* _Work request_
Copy nothing but the lines below, from the one with "DEGUISE TOI Jadeo" through the one with "Tanio ESC ESP1019", exactly as written; no pictures should appear.

* _Data for analysis_
- - - -

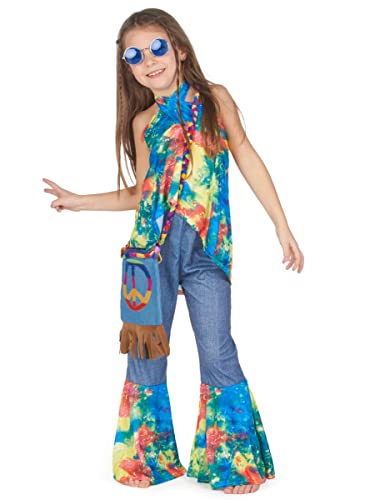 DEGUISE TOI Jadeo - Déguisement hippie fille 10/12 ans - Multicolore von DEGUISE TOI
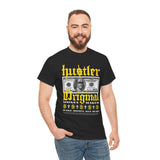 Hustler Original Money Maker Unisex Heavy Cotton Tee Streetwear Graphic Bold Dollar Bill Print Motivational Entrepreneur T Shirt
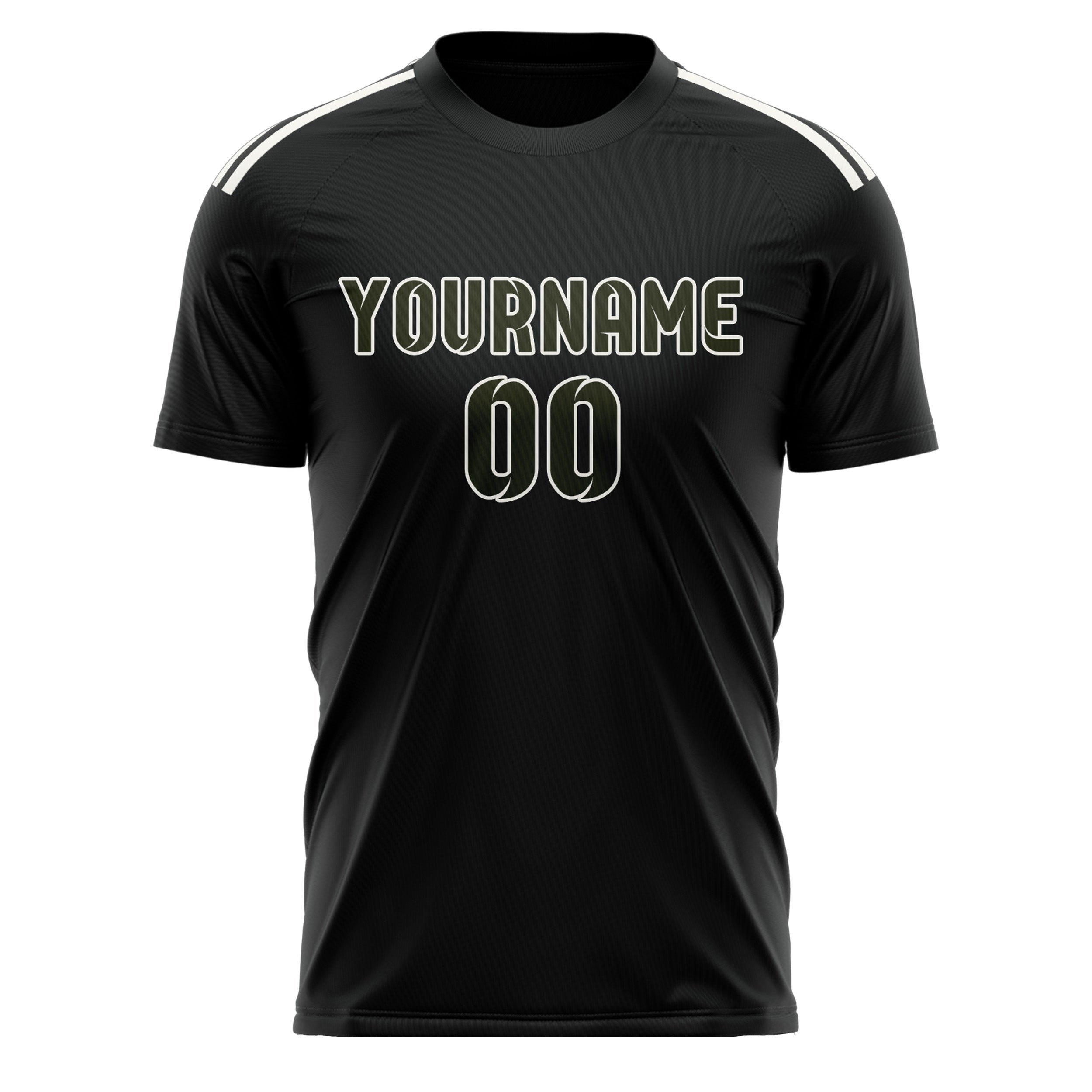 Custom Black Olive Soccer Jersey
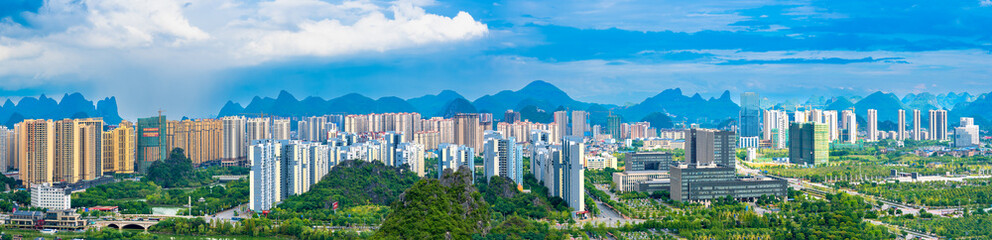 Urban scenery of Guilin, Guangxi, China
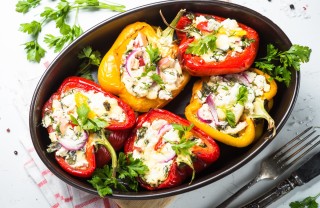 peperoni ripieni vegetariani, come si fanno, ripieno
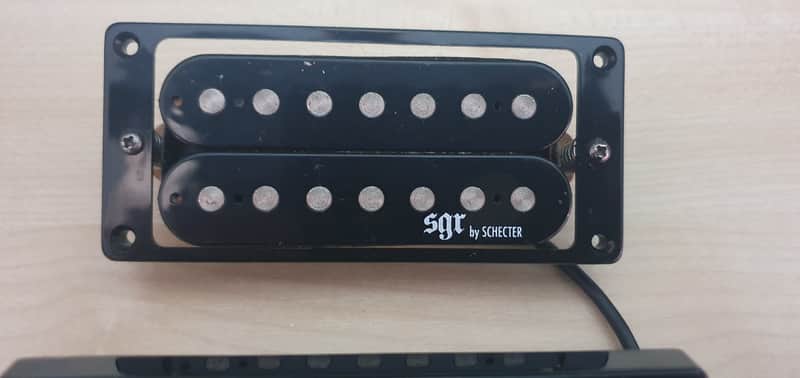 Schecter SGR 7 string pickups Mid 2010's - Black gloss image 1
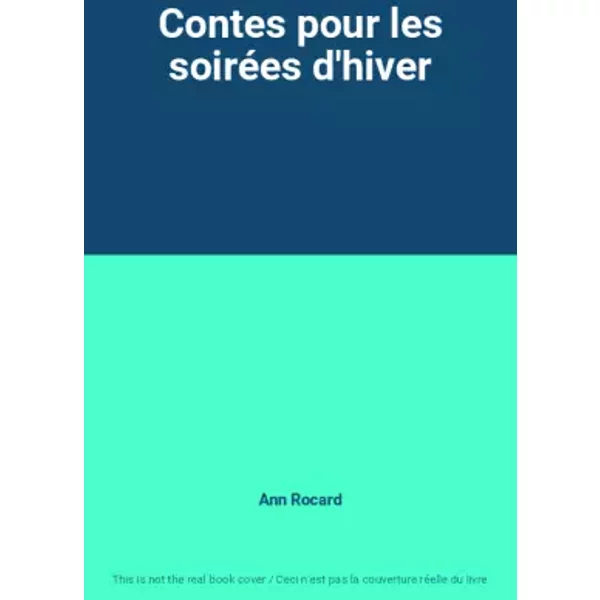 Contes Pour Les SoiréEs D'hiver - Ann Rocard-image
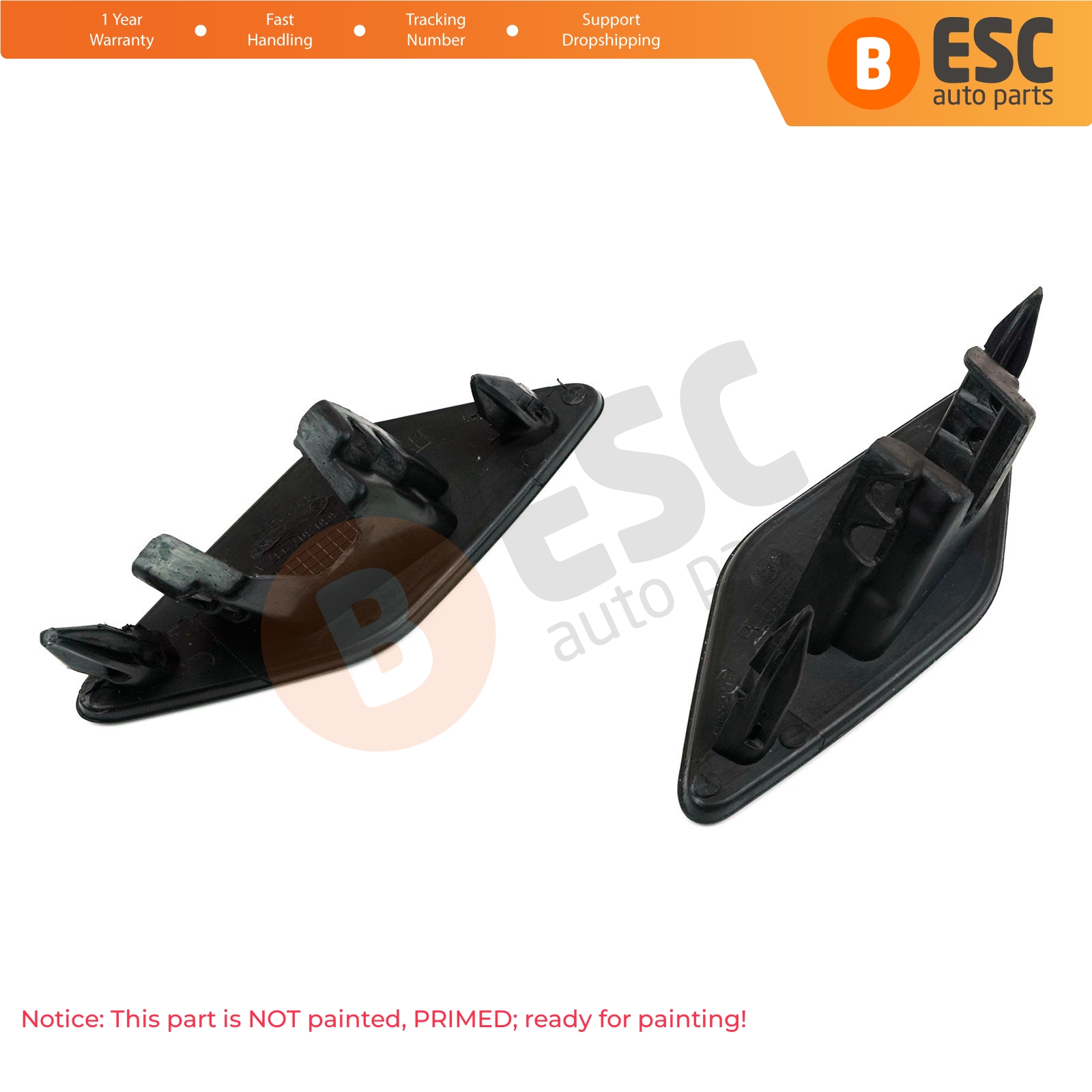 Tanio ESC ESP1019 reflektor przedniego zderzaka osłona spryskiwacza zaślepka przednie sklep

- - - -

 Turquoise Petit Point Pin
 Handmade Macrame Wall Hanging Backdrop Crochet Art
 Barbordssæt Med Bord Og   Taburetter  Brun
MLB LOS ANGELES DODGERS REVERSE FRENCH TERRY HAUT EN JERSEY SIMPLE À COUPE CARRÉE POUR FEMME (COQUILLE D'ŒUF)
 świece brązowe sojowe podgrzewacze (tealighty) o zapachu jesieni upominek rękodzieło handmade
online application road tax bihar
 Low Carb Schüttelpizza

- - - -

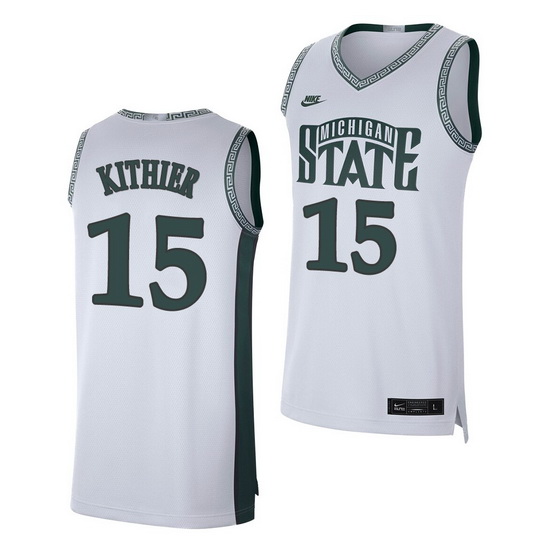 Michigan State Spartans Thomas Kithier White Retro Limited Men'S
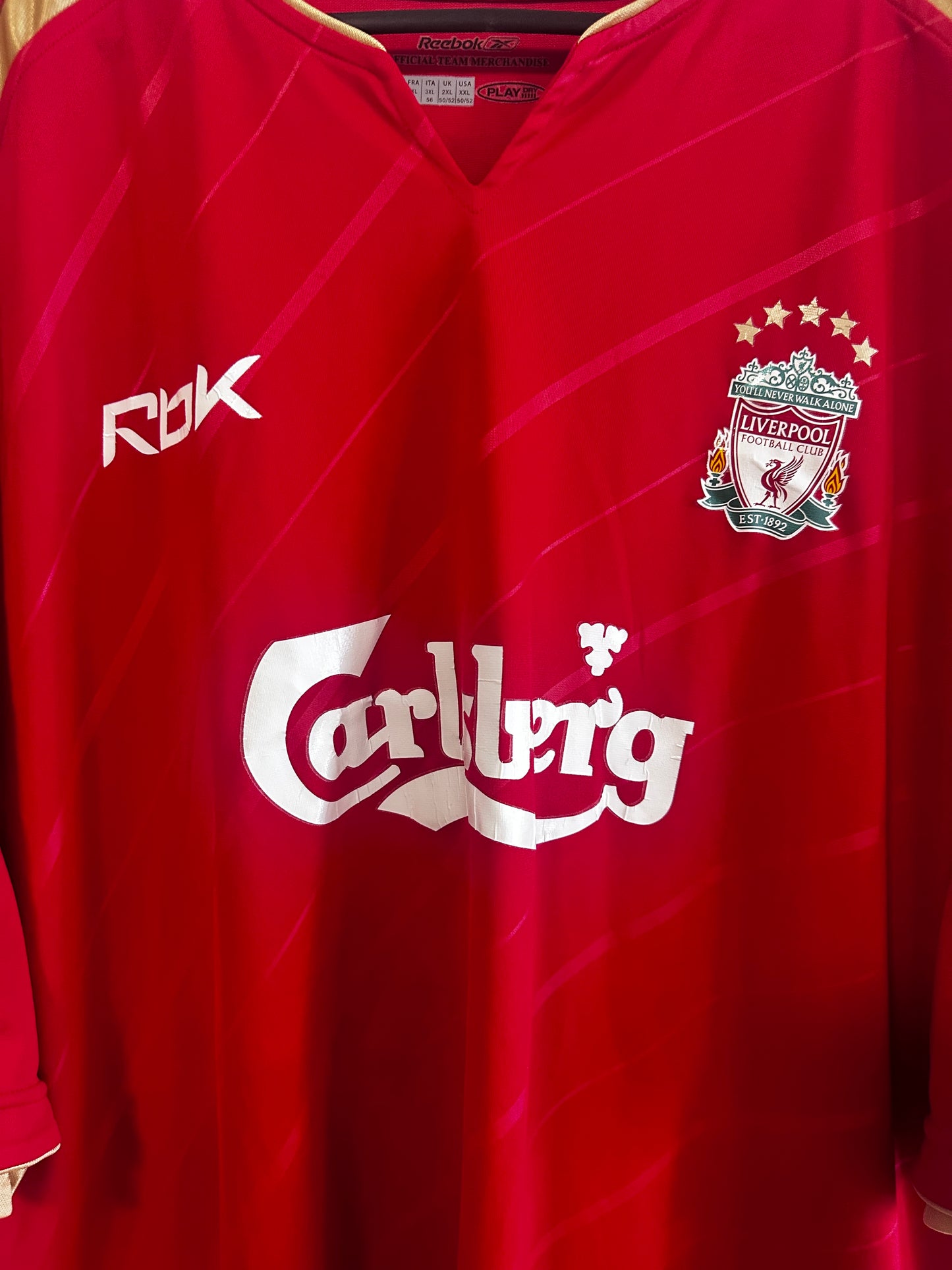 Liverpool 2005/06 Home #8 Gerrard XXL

- - - -

* _Your response_
 DEGUISE TOI Jadeo - Déguisement hippie fille 10/12 ans - Multicolore von DEGUISE TOI
 Hustler Original Money Maker Unisex Heavy Cotton Tee Streetwear Graphic Bold Dollar Bill Print Motivational Entrepreneur T Shirt
 Custom Black Olive Soccer Jersey
 Urban scenery of Guilin, Guangxi, China
 peperoni ripieni vegetariani, come si fanno, ripieno
 Schecter SGR 7 string pickups Mid 2010's - Black gloss image 1
 Contes Pour Les SoiréEs D'hiver - Ann Rocard-image
 Tanio ESC ESP1019 reflektor przedniego zderzaka osłona spryskiwacza zaślepka przednie sklep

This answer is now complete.